The State will now be required to pay Sh4 million as compensation to two watchmen who were wrongfully arrested, charged and jailed for robbery with violence.

In his verdict, High Court Judge John Mativo ordered the Director of Public Prosecutions (DPP) and the Inspector-General of Police to compensate John Atelu and Collins Ouma.

The judge ruled that the two faced prosecution with no factual basis and that the police maliciously abused their powers on them as well as the DPP by having them sent to prison.


“I find that the two are entitled to an award of damages. I find that an award of a global sum of Sh2,000,000 each would be reasonable as compensation for violation of their rights,” ruled Justice Mativo.

The judge said he had considered the nature of violations of constitutional rights, the legal principles, the agony the two were subjected to with the criminal proceedings, the period they had been held in custody, the length of their trial as well as the genuine fear of the possibility of being sentenced to death if convicted before granting the award.

“A declaration be and is hereby issued that the police and the DPP were under a legal duty to disclose to the accused persons all the prosecution evidence at the earliest opportunity and failure to do so amounted to abuse of law as well as violation of their right,” Justice Mativo ruled.


The two found themselves in the corridors of justice after they were accused of robbing a police officer of a pocket radio and mobile phone four years ago.

The policeman was robbed along Moi Avenue after leaving a bar. But he returned to the bar later with his colleagues and accused the two watchmen who guarded the bar as well as a nearby building of the alleged theft.

After being charged in court, they could not be released on bond since the court set the fees at Sh1million, an amount none of them could afford.

Mr Atelu was freed after spending nearly four months in custody while Mr Ouma until December 2014, about two years after being arraigned in court in January 2013.


However the two would not have stayed longer in custody if the prosecution would have disclosed to the court and to them at an early stage that the real culprit had been found.

They therefore faulted the DPP for having them charged with a serious offence yet recorded statements with the police as at January 26, 2013 indicated who the real culprits were.

They also faulted the prosecution of wilfully withholding that information from them until during cross examination of the statement which had not been provided to them before the trial kicked off.

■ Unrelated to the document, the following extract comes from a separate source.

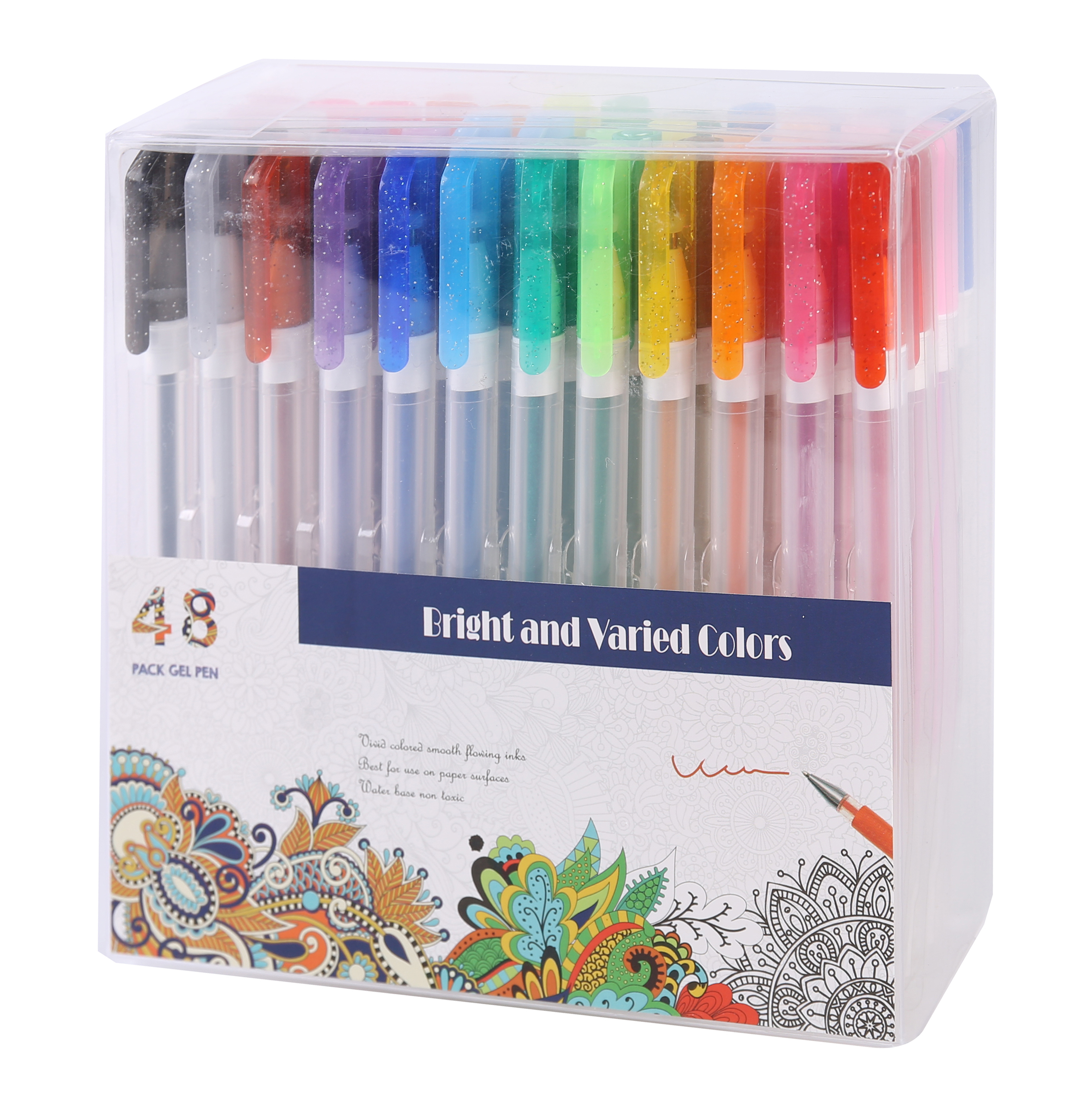 Qianxiang 48 Pieces #102 Gel Pen with PVC Box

In their suit in which they protested against the violation of their rights, they sued the Attorney General, the IG the DPP and two police officers.

The AG told court that there were no violation in their case while the DPP insisted that their trial was fair.


But the judge affirmed that the DPP and the police failed in their duty.

“The decision whether or not to prosecute is very important, it can be very upsetting if a person is prosecuted even if later found not guilty. However a decision not to prosecute can cause great stress and upset the victim of the crime,” the judge said.

He added: “Therefore the DPP must consider whether or not to prosecute, the prosecutor should remain fiercely independent, fair and courageous. The responsibilities to the DPP and the police demand nothing less.”